Start of Block
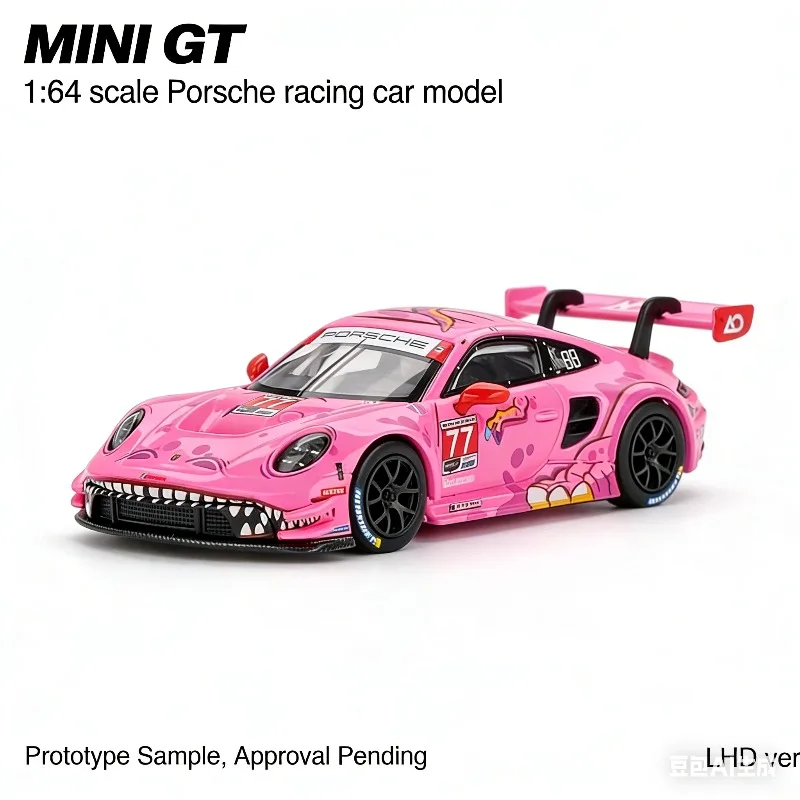 

MINI GT 1:64 911 GT3 R # 77 AO Racing 2024 Статическая модель автомобиля из сплава для симуляций, коллекционная игрушка-украшение, подарок для мальчиков на праздник.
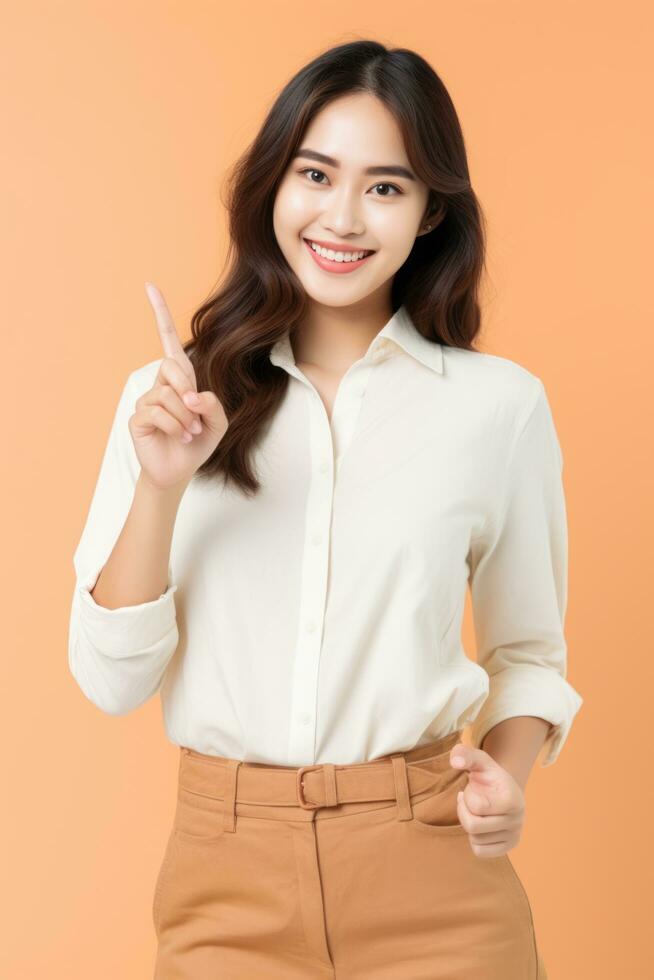 asian woman emotional dynamic gestures AI Generative photo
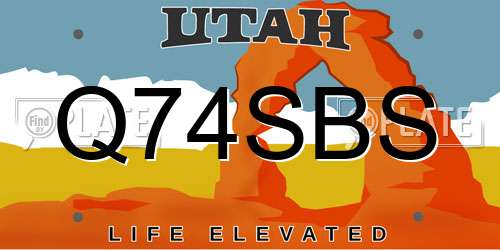 Q74SBS Utah License Plate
End of Block
=== WHAT YOU WILL DO ===
Please return the full listing exactly as given, with the images left out.

=== ANSWER TO THE EXERCISE ===
MINI GT 1:64 911 GT3 R # 77 AO Racing 2024 Статическая модель автомобиля из сплава для симуляций, коллекционная игрушка-украшение, подарок для мальчиков на праздник.
 asian woman emotional dynamic gestures AI Generative photo
 Q74SBS Utah License Plate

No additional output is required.